Some SEALs question whether it is possible to ever determine whose shots killed the terrorist leader. Post retirement, both SEALs received criticism for their books and differences in their accounts of the events. A DoD investigation revealed that Bissonnette and six other SEALs had served as consultants on the video game, Medal of Honor: Warfighter, at Bissonnette's urging. Letters of reprimand, which are damaging to Naval careers, were sent to all seven. The SEALs did not seek clearance with their superiors to be involved with the project and showed the developers some of their gear.
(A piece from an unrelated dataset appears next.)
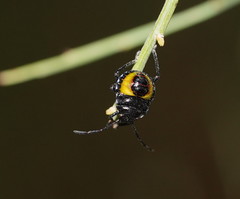 Aplerotus maculatus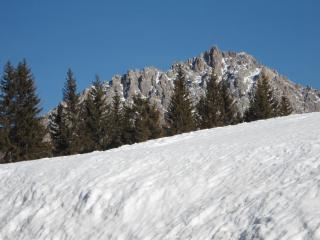 Appartamenti Patrizia - San Pietro di Cadore - 7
At the end of his service, Bissonnette earned the title "Team Leader" and had conducted hundreds of missions throughout 13 combat deployments overseas.

Post-military career 
Almost a year after the Bin Laden mission, Bissonette left active duty and began writing No Easy Day with journalist Kevin Maurer. Bissonnette says the book accurately portrays the events of Operation Neptune Spear.

The book was published by Dutton Penguin and went on sale 4 September 2012. Bissonnette stated that most of the proceeds from the book will be donated to families of SEALs killed in action.
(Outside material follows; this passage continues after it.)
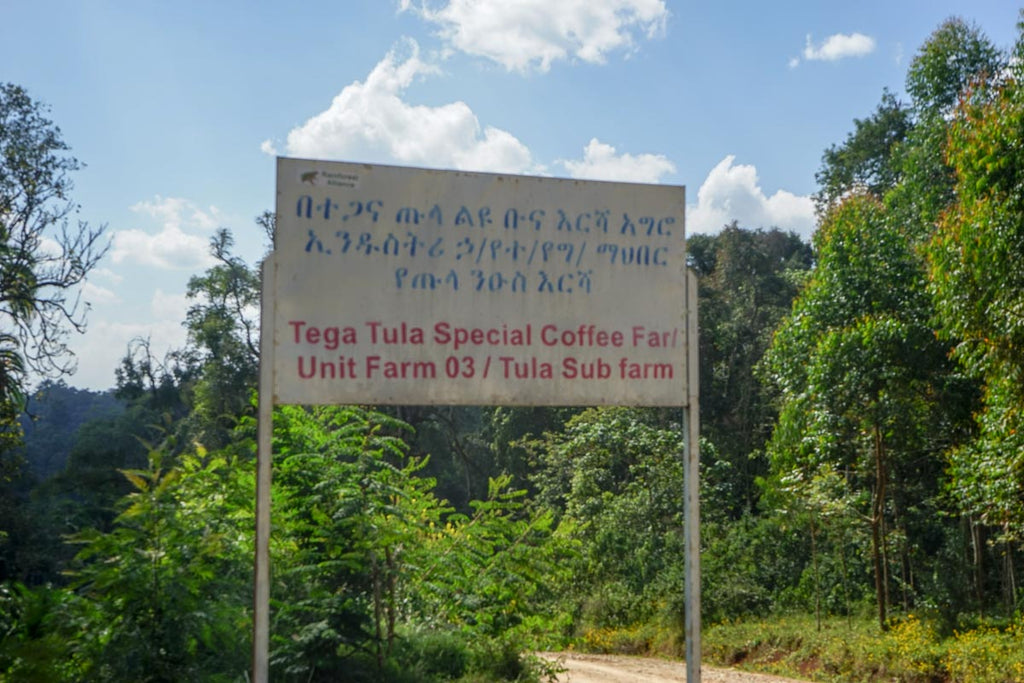 Tega & Tula coffee farm, Kaffa forest, Ethiopia, farm signage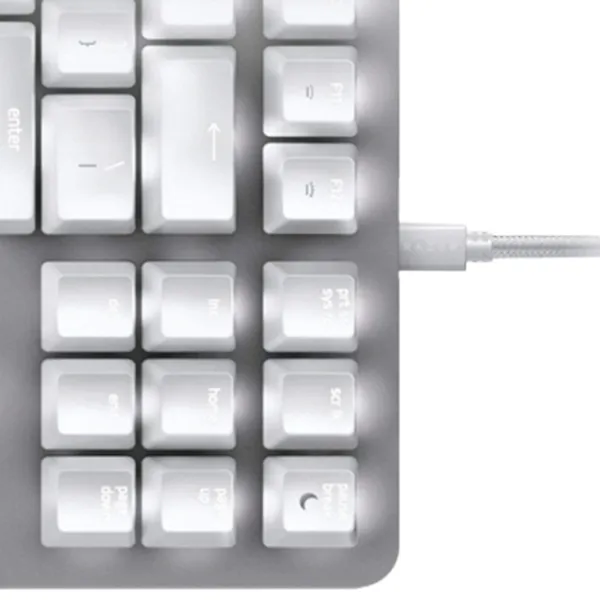 Tastatură Razer BlackWidow Lite Cu fir/ Mercury photo 4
Bissonnette and his publisher decided to release the book without first submitting it for a United States Department of Defense(DoD) review, which generated much controversy. The DoD claims the book contains classified information, which the book's publisher and Bissonnette deny. This ultimately led the publisher to release the book on 4 September, a week earlier than the originally planned 11 September release date. It also made the New York Times bestseller list.

A few months before coming to National attention, Bissonnette sold his family's Virginia Beach home and quietly left town.

In 2014, Bissonnette published a follow-up, No Hero: The Evolution of a Navy SEAL, which was vetted by the DoD, but was still investigated by the government. The book does not address the controversy caused by the first book. Bissonnette says the government redacted a lot of it which he appealed, but was only able to clear about 50 percent of them.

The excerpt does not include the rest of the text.